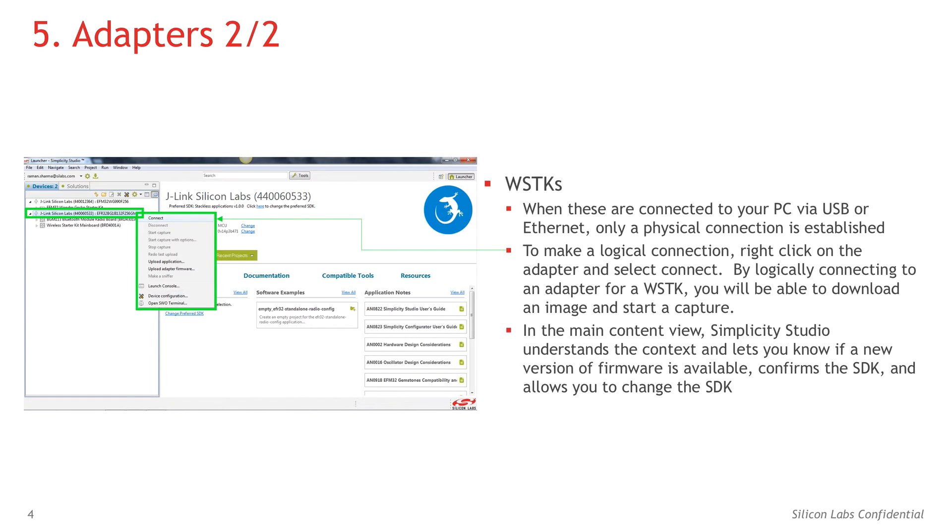In the main content view, Simplicity Studio understands the context and lets you know if a new version of firmware is available, confirms the SDK, and allows you to change the SDK.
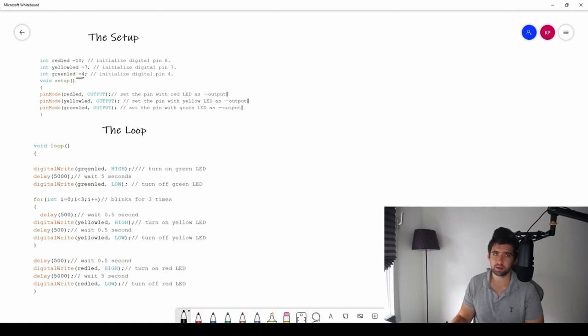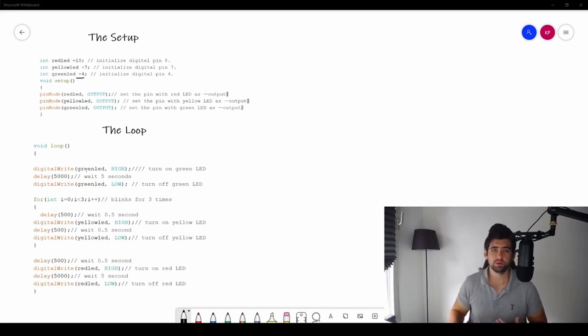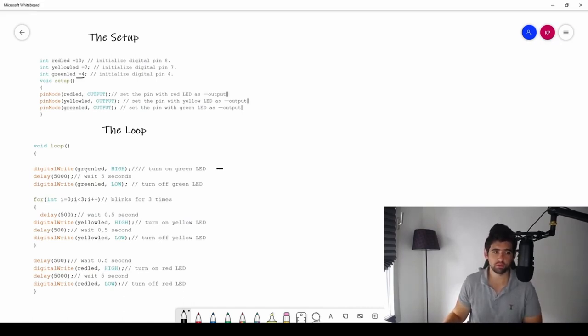Now we want the yellow LED to blink — on, off, on, off — which is different from just being on for 5 seconds. This introduces a new concept called the for loop. Code always runs from top to bottom, but what if you want a certain piece of code to repeat for a while without moving on? That's exactly what a for loop does — it tells your program to stay there for a defined number of repetitions. Here you can see the for loop with some values: it means from i equals zero, while i is less than three, do this loop.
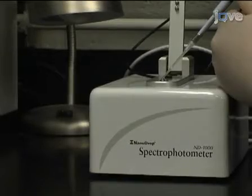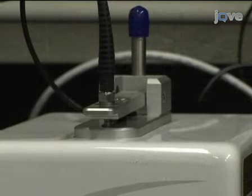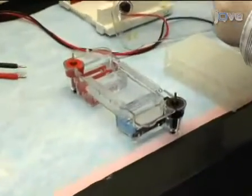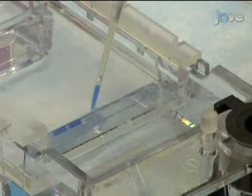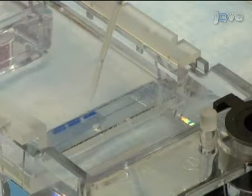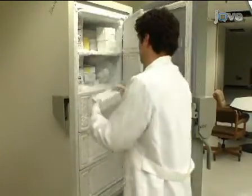Check the quantity and quality of the RNA using a NanoDrop ND-1000 spectrophotometer following the manufacturer's instructions. In addition, run a denaturing gel or use an Agilent 2100 Bioanalyzer to check the integrity of the RNA. If the RNA quality and quantity are satisfactory, move on to cDNA synthesis. Store the RNA at minus 80 degrees Celsius until cDNA synthesis can be performed.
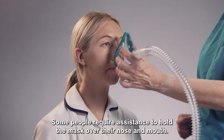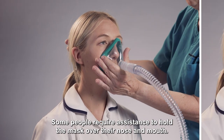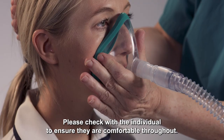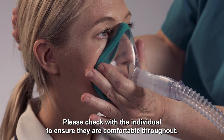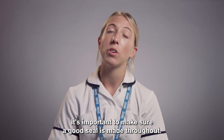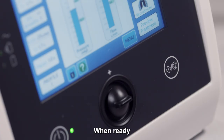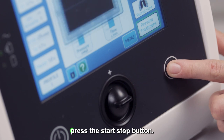Some people require assistance to hold the mask over their nose and mouth; others may be able to do it themselves. Please check with the individual to ensure they are comfortable throughout. It's important to make sure a good seal is made throughout — this can be done by creating a C shape with your hand. When ready, press the Start Stop button.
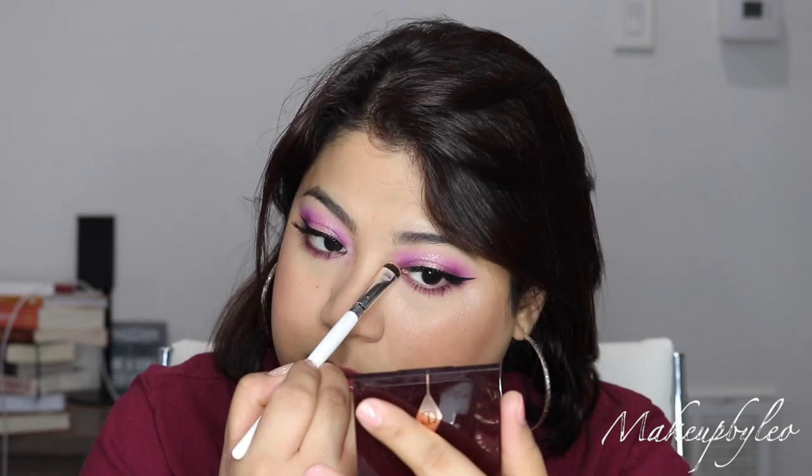I'm gonna use this shade for the inner corners real quick. It's just like a pinky highlight, so it'll tie in with the look. Okay, there we go girl!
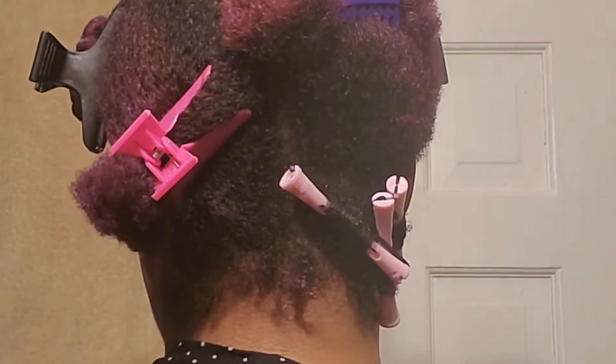I think I didn't put all the hair from this section in like I needed to. Okay, that's in there as good as it's going to get. I won't see it until the end of the video — it's okay. I'm going to go ahead and finish putting the rods in the rest of my hair and I will be back.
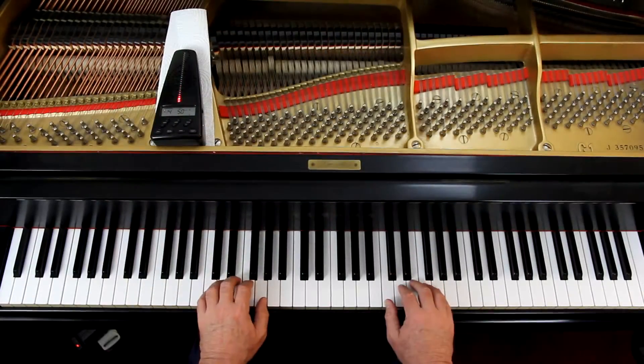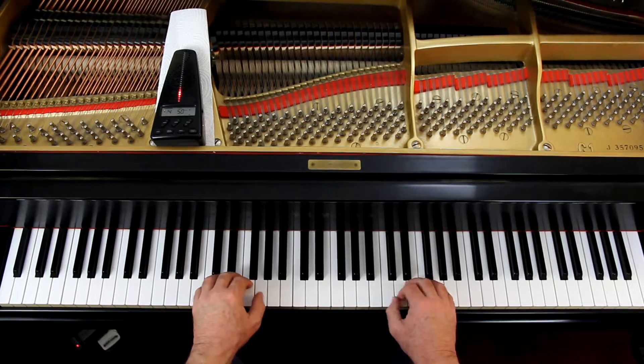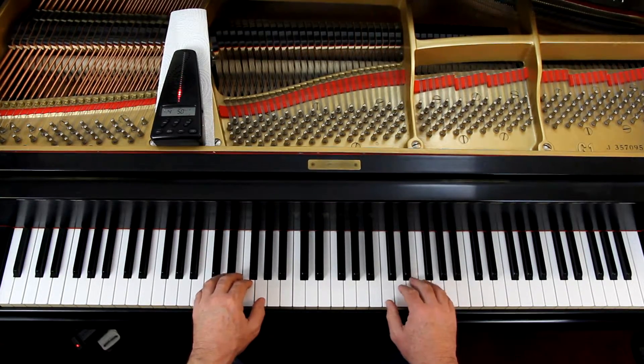Let's try this out. Give us four counts — but again, those are half notes — and we'll play it together slowly. So you're in C position again. You can tell if you look at the finger numbers. One, two, ready, go.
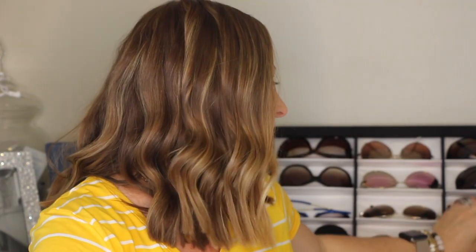I bought this pair last year at Nordstrom. They are by Sonic, called the Avalon — just a fun, big plastic cat eye. I don't know why I don't wear these more often, they're super fun. They were around the $80–$90 range.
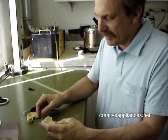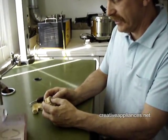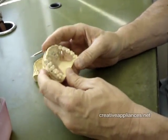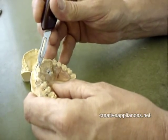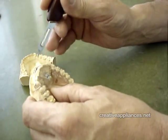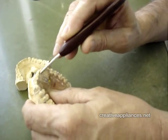Today we have the finished appliance for the smile that she's always wanted, and as you can see it fits on the model like so. As mentioned in the first video, we have the expansion screw focused on the three anterior teeth — two centrals and one lateral — that will eventually be pushed into the bow, which is bent to the perfect arch form.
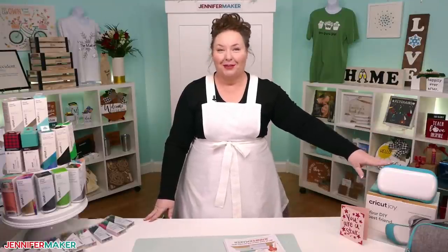Hello everyone. My name is Jennifer Maker and today I'm teaching you all about the tools, supplies, and accessories that you can use with your Cricut Joy cutting machine. This is the Cricut Kickoff lesson two and we're going through all of these fun things together one by one.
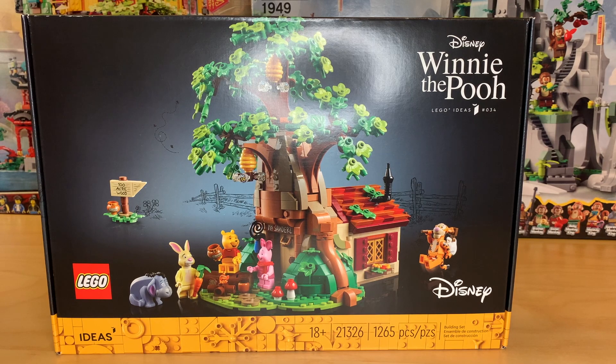I did get the Ideas Winnie the Pooh set as well. This one's really cool, but I've seen a lot of people say that they don't really feel like it's worth $100. And based on the box size alone, I definitely don't feel like it's worth $100 because this is like a $50 box size. It's pretty heavy, but this is just a much smaller impact than I was expecting for such a big set. So I really hope I'm not disappointed by the size of the finished product.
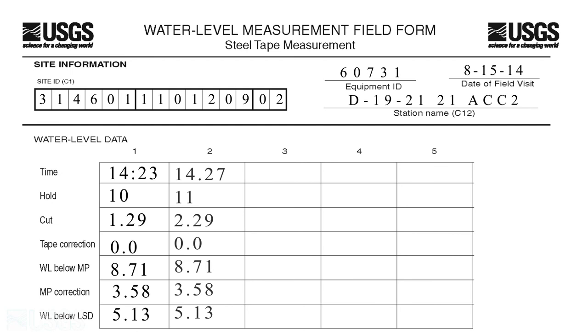Step 9. Repeat the measurement but use a different hold value. If the repeated measurement is different by up to 0.02 foot, continue to make measurements until the reason for a lack of agreement is determined or the results are considered to be reliable.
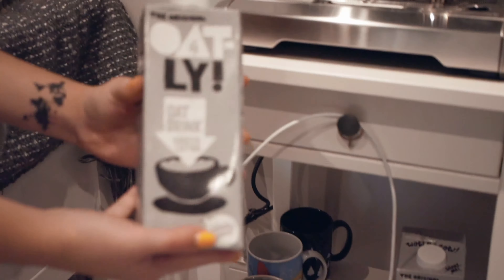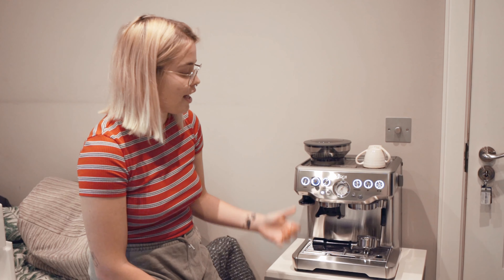We will definitely upgrade once we can — probably once we move on our own so we can leave it in the kitchen, because the better the machine, the heavier it is and the more power it needs, and maybe you need to plumb in the water and stuff. Okay, enough talking, let's begin.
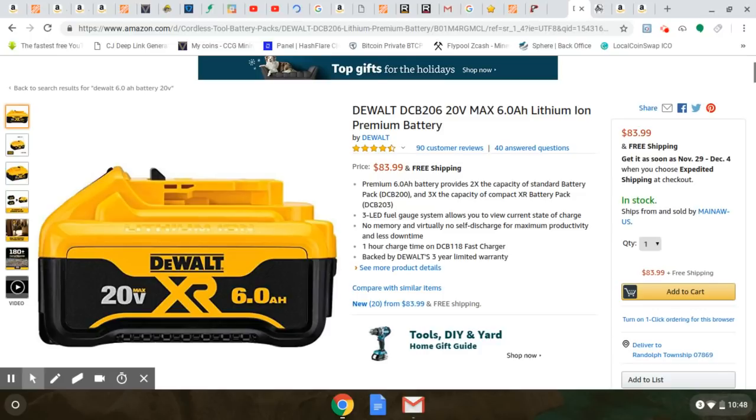My point is, for this price — $83 for one of these batteries — they're really the same size as the 5 amp hour. I just want to let you know about it because I don't know how long this deal is going to last. All the 5 amp hour batteries are gone, or they doubled the price on them.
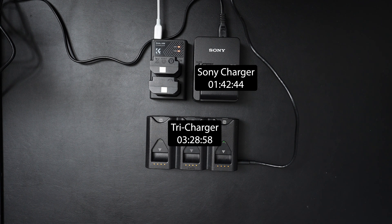The KNF charger was the disappointingly slow one — it's only charging two batteries but took four hours, 44 minutes, and 11 seconds. By contrast, the TriCharge charged three batteries in less than double the time of the Sony charger, which is actually very impressive. The KNF is massively disappointing because it took more than double the time for just two batteries.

-.-.-

Problem statement →
Would you repeat the listing above exactly, minus the images?

Reply to the task →
In the main content view, Simplicity Studio understands the context and lets you know if a new version of firmware is available, confirms the SDK, and allows you to change the SDK.
Now we want the yellow LED to blink — on, off, on, off — which is different from just being on for 5 seconds. This introduces a new concept called the for loop. Code always runs from top to bottom, but what if you want a certain piece of code to repeat for a while without moving on? That's exactly what a for loop does — it tells your program to stay there for a defined number of repetitions. Here you can see the for loop with some values: it means from i equals zero, while i is less than three, do this loop.
Check the quantity and quality of the RNA using a NanoDrop ND-1000 spectrophotometer following the manufacturer's instructions. In addition, run a denaturing gel or use an Agilent 2100 Bioanalyzer to check the integrity of the RNA. If the RNA quality and quantity are satisfactory, move on to cDNA synthesis. Store the RNA at minus 80 degrees Celsius until cDNA synthesis can be performed.
Some people require assistance to hold the mask over their nose and mouth; others may be able to do it themselves. Please check with the individual to ensure they are comfortable throughout. It's important to make sure a good seal is made throughout — this can be done by creating a C shape with your hand. When ready, press the Start Stop button.
I'm gonna use this shade for the inner corners real quick. It's just like a pinky highlight, so it'll tie in with the look. Okay, there we go girl!
I think I didn't put all the hair from this section in like I needed to. Okay, that's in there as good as it's going to get. I won't see it until the end of the video — it's okay. I'm going to go ahead and finish putting the rods in the rest of my hair and I will be back.
Let's try this out. Give us four counts — but again, those are half notes — and we'll play it together slowly. So you're in C position again. You can tell if you look at the finger numbers. One, two, ready, go.
I bought this pair last year at Nordstrom. They are by Sonic, called the Avalon — just a fun, big plastic cat eye. I don't know why I don't wear these more often, they're super fun. They were around the $80–$90 range.
Today we have the finished appliance for the smile that she's always wanted, and as you can see it fits on the model like so. As mentioned in the first video, we have the expansion screw focused on the three anterior teeth — two centrals and one lateral — that will eventually be pushed into the bow, which is bent to the perfect arch form.
Hello everyone. My name is Jennifer Maker and today I'm teaching you all about the tools, supplies, and accessories that you can use with your Cricut Joy cutting machine. This is the Cricut Kickoff lesson two and we're going through all of these fun things together one by one.
I did get the Ideas Winnie the Pooh set as well. This one's really cool, but I've seen a lot of people say that they don't really feel like it's worth $100. And based on the box size alone, I definitely don't feel like it's worth $100 because this is like a $50 box size. It's pretty heavy, but this is just a much smaller impact than I was expecting for such a big set. So I really hope I'm not disappointed by the size of the finished product.
Step 9. Repeat the measurement but use a different hold value. If the repeated measurement is different by up to 0.02 foot, continue to make measurements until the reason for a lack of agreement is determined or the results are considered to be reliable.
We will definitely upgrade once we can — probably once we move on our own so we can leave it in the kitchen, because the better the machine, the heavier it is and the more power it needs, and maybe you need to plumb in the water and stuff. Okay, enough talking, let's begin.
My point is, for this price — $83 for one of these batteries — they're really the same size as the 5 amp hour. I just want to let you know about it because I don't know how long this deal is going to last. All the 5 amp hour batteries are gone, or they doubled the price on them.
The KNF charger was the disappointingly slow one — it's only charging two batteries but took four hours, 44 minutes, and 11 seconds. By contrast, the TriCharge charged three batteries in less than double the time of the Sony charger, which is actually very impressive. The KNF is massively disappointing because it took more than double the time for just two batteries.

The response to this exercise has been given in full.